My Daughter is in a school one state away. I don’t want to mention where she is from and I don’t want to mention where she is attending lets just say Northeast. She is starting her second semester and has been making friends like anyone else. does. She recently applied to join a sorority and was not picked , although ALL of her dorm friends, including her room mate were picked. I may also add that EVERY one of the friends picked were from the same state and my Daughter is from a different state. My Daughter is at a point where she wants to just pack up and leave. We have told her that’s a bad idea but if she’s that miserable she can come home ( I am not happy about it though) and go locally. Can anyone suggest a path for my Daughter to take? I have suggested speaking to her RA, going to a confidential counselor or joining a club like a dance club, a business club etc. My heart breaks for her !
I’m sorry about your daughters experience . I know you say she’s miserable but can she get involved in school other ways? I’m not aware of your situation if dropping out a the middle of the semester can cause some issues with the school .I have a younger cousin this happened to but she ended up joining a club and met a great group of friends . Does your daughter have a group friends she can hang out with it not in a sorority? I know how cliquey some can be. But if she is depressed or it is affecting her grades then maybe she should come home. But if not she can reach out to other ppl not involved in Greek life? I don’t know if is Greek life is a big deal at the school she attends. But I know when you feel left out it can be depressing . This happened to me in high school and caused my grades to slip . The main goal college is education and we all will experience rejection as young adults. but if her social life begins to affect her grades and she becomes depressed she should come home .

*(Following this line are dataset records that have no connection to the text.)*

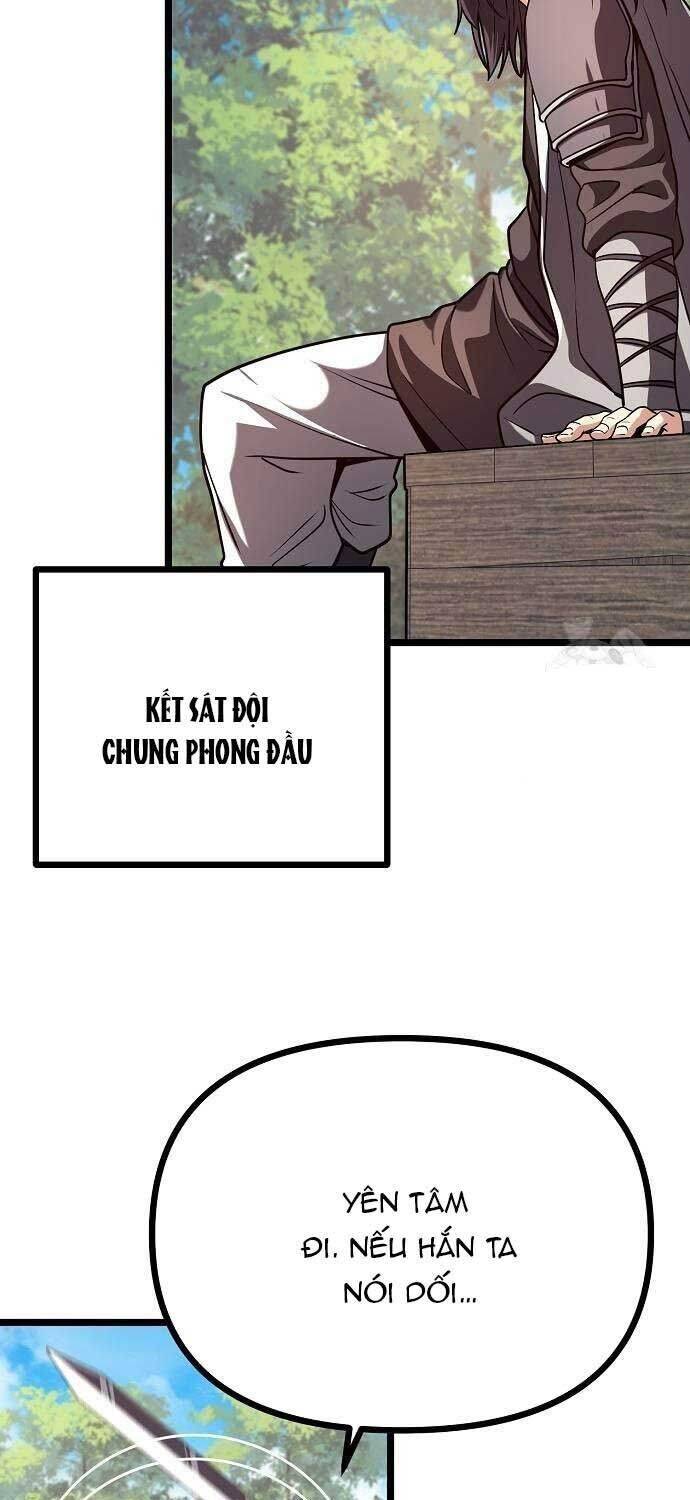 Thông Bách - Chương 25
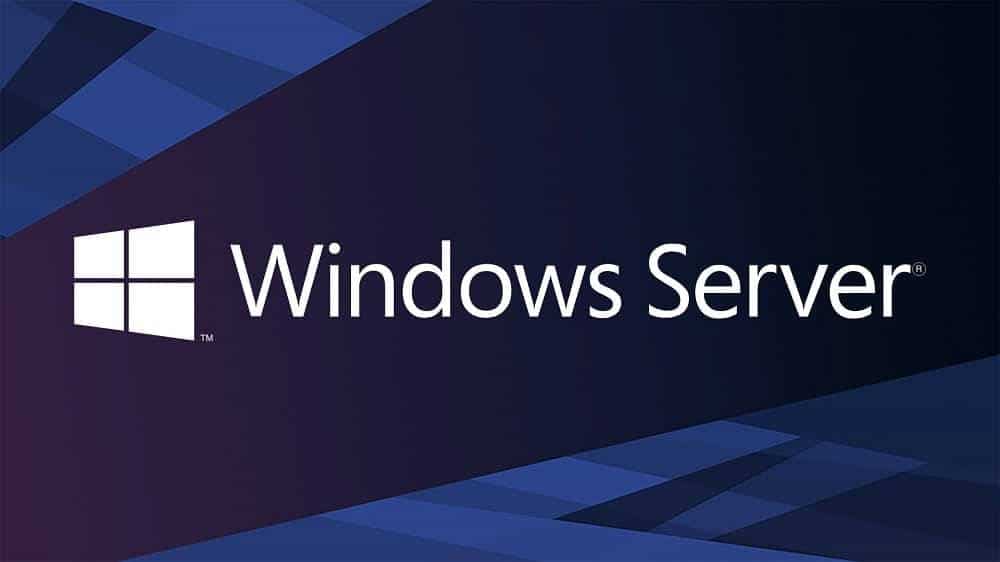 windows-server-dns-cluster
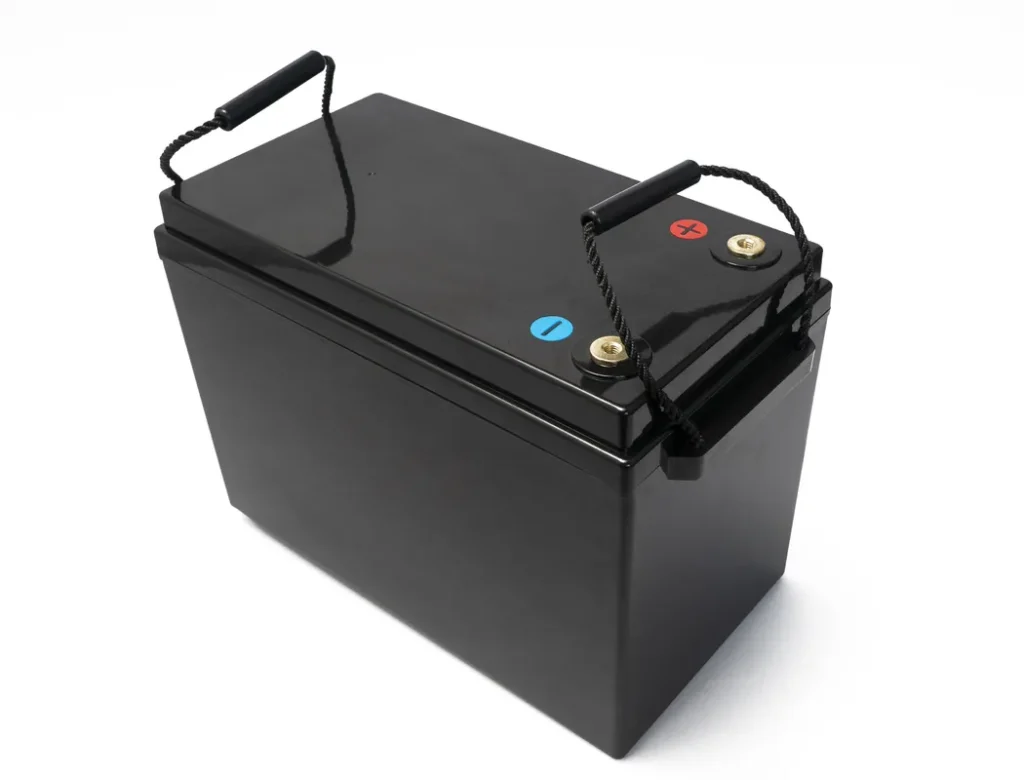 abs_battery_case_for_12v_314ah_304ah_334ah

We have tried to convince her that sororities are not the end all to her world and even told her that a sorority is not what college is all about. We are hoping that she has listened and will join some club but right now we just try to stay in touch without being “helicopter parents”. She’s a big girl now and I feel she needs to stand on her own two feet. Anything short of bullying or a physical altercation I think she can handle, we just need her to make the first step to join something!